Speaking Your Native Language
When coming to a new country, you often feel the pressure of speaking in the local language and wiping away all accent traces that tie us back to your native land. However, so much of who you are lies in how you express yourself. Keep your native language alive by speaking and writing it with your newfound community, with friends and family back home, or even by consuming media – movies, shows, music, and other spoken art forms of your culture.

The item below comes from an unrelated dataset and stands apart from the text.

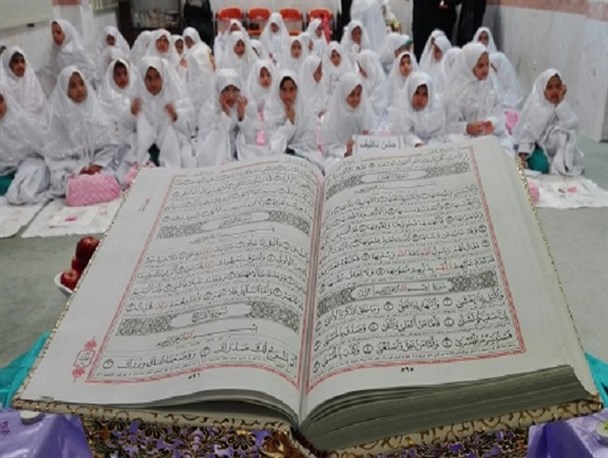 جشن تکلیف دختران مدارس ابتدایی، در مدرسه علمیه الزهراء گناوه+ تصاویر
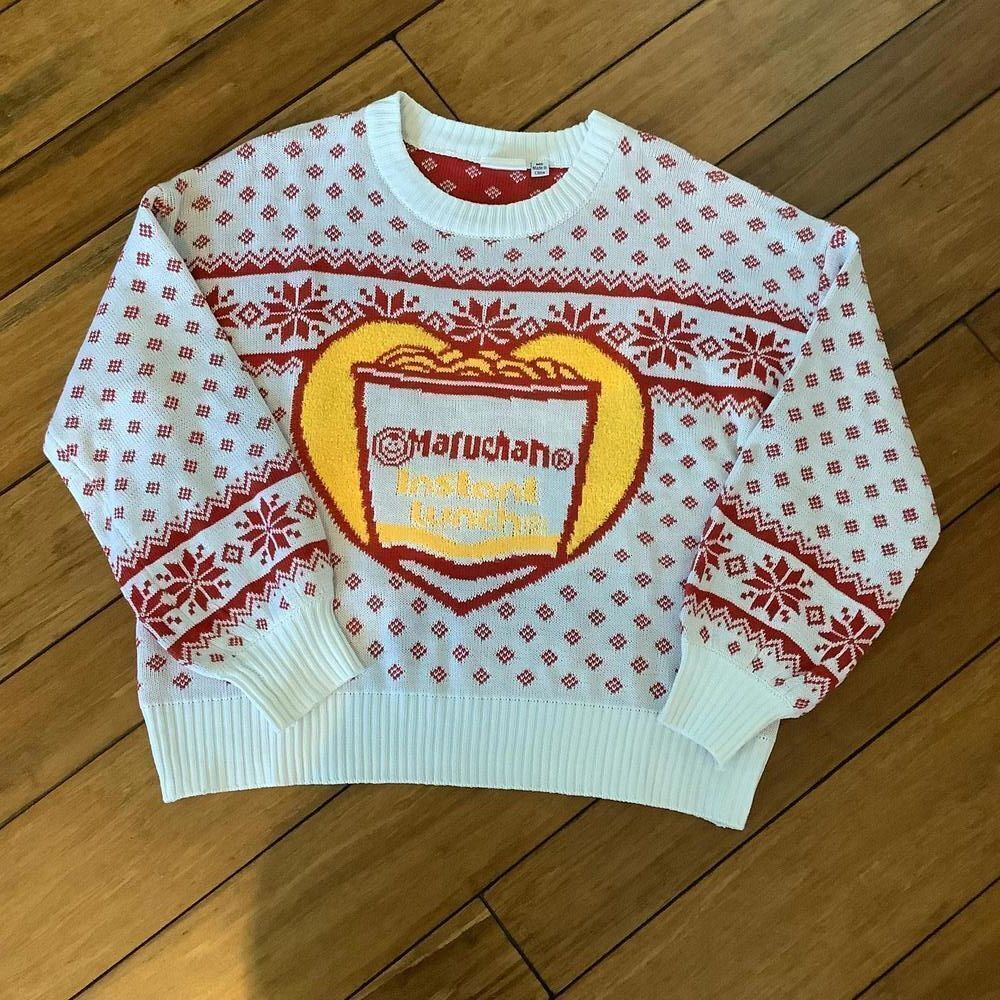 Maruchan Festive‎ Sweater - Cozy Holiday Knit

Keeping Your Practices and Beliefs Alive
A change of address and location should not warrant a change in your core practices and beliefs. Whether it is how you dress, how and when you pray, your food choices, and choosing to attend or step out of an event based on that, you have the freedom and the right to decide for yourself. By standing for your beliefs, you aren’t rejecting the culture or refusing to ‘fit in’ and it isn’t something to feel guilty about. There are more ways than one to embrace the culture and society you’re living in without having to compromise on your cultural and personal identity.
As a Bengali-speaking Hindu girl from Mumbai living in Vancouver, I am today a part of several communities in my city. I am a part of the Lower Mainland Bengali Cultural Association, and an avid attendee of several Indian art and cultural organizations such as DiwaliFest Vancouver, the Indian Summer Festival, and the Monsoon Festival. I am also a part of several Mumbai and India-based Whatsapp and Meetup groups and for me, these as well as the above tips have helped me find a balance that has left me feeling happy, grounded, connected, and fulfilled!